● **Input data**:
Content starts
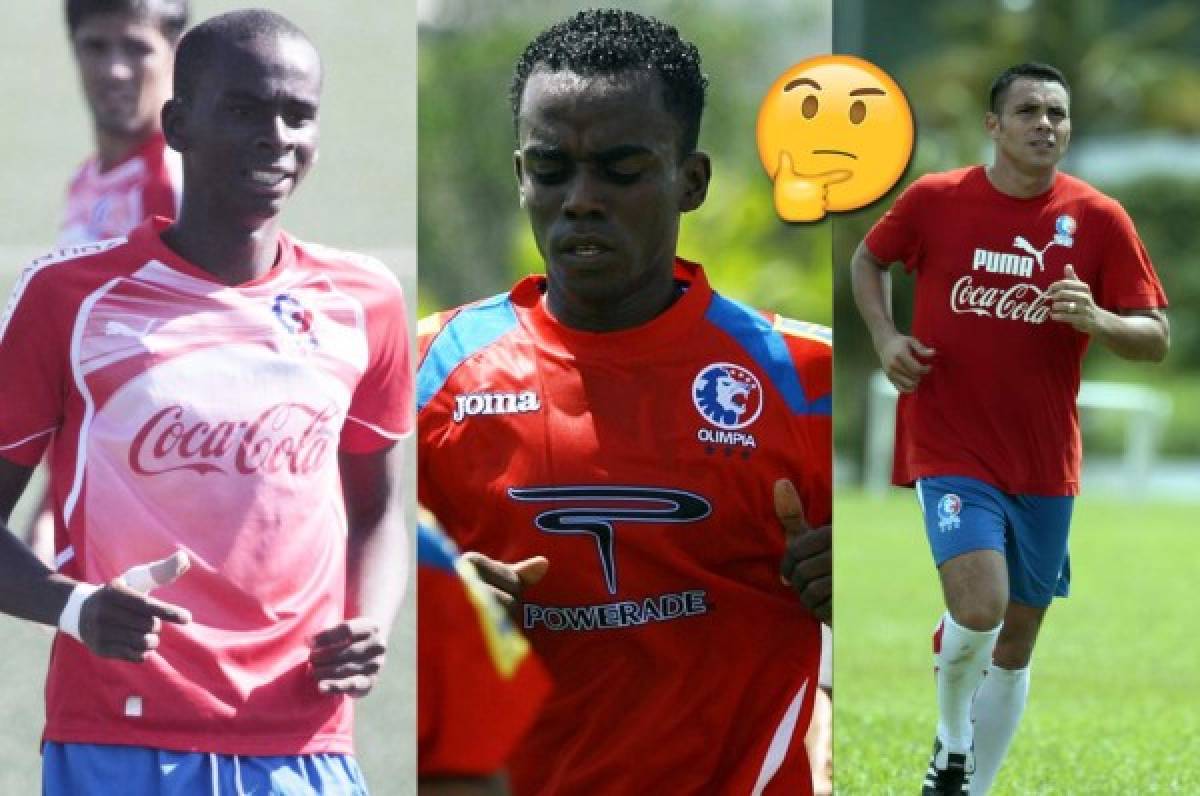 20 futbolistas hondureños con pasado en el Olimpia que quizá habías olvidado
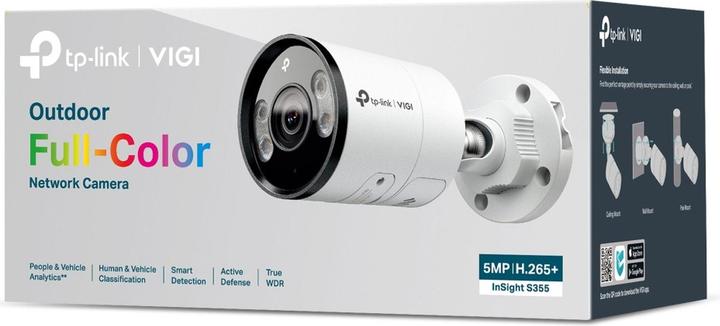 Actual product image TP-Link INSIGHT S355, IP security camera, Outdoor, Wired, 64 m, 120 dB, Wall (2880 x 1620 Pixels)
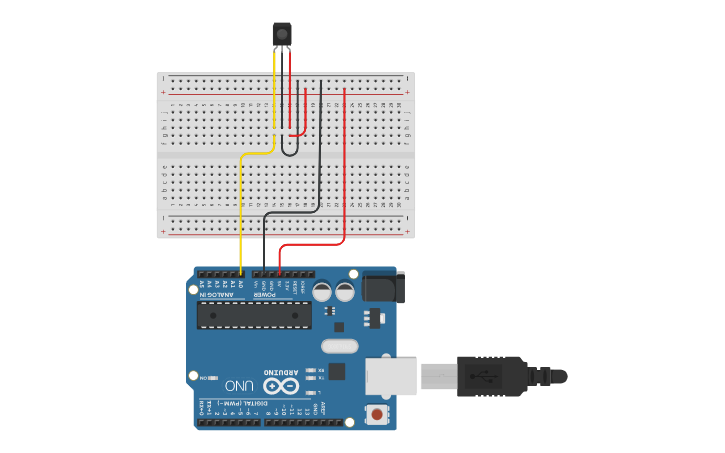 Circuit design Detector IR - Tinkercad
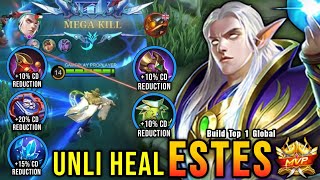 Almost No Cooldown!! Estes Unlimited Heal Build - Build Top 1 Global Estes ~ MLBB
Content ends
Every line from the one that holds "Circuit design Detector IR - Tinkercad" to the end of the listing should be output exactly, with pictures left out, please.

● **Task answer**:
 Circuit design Detector IR - Tinkercad
 Almost No Cooldown!! Estes Unlimited Heal Build - Build Top 1 Global Estes ~ MLBB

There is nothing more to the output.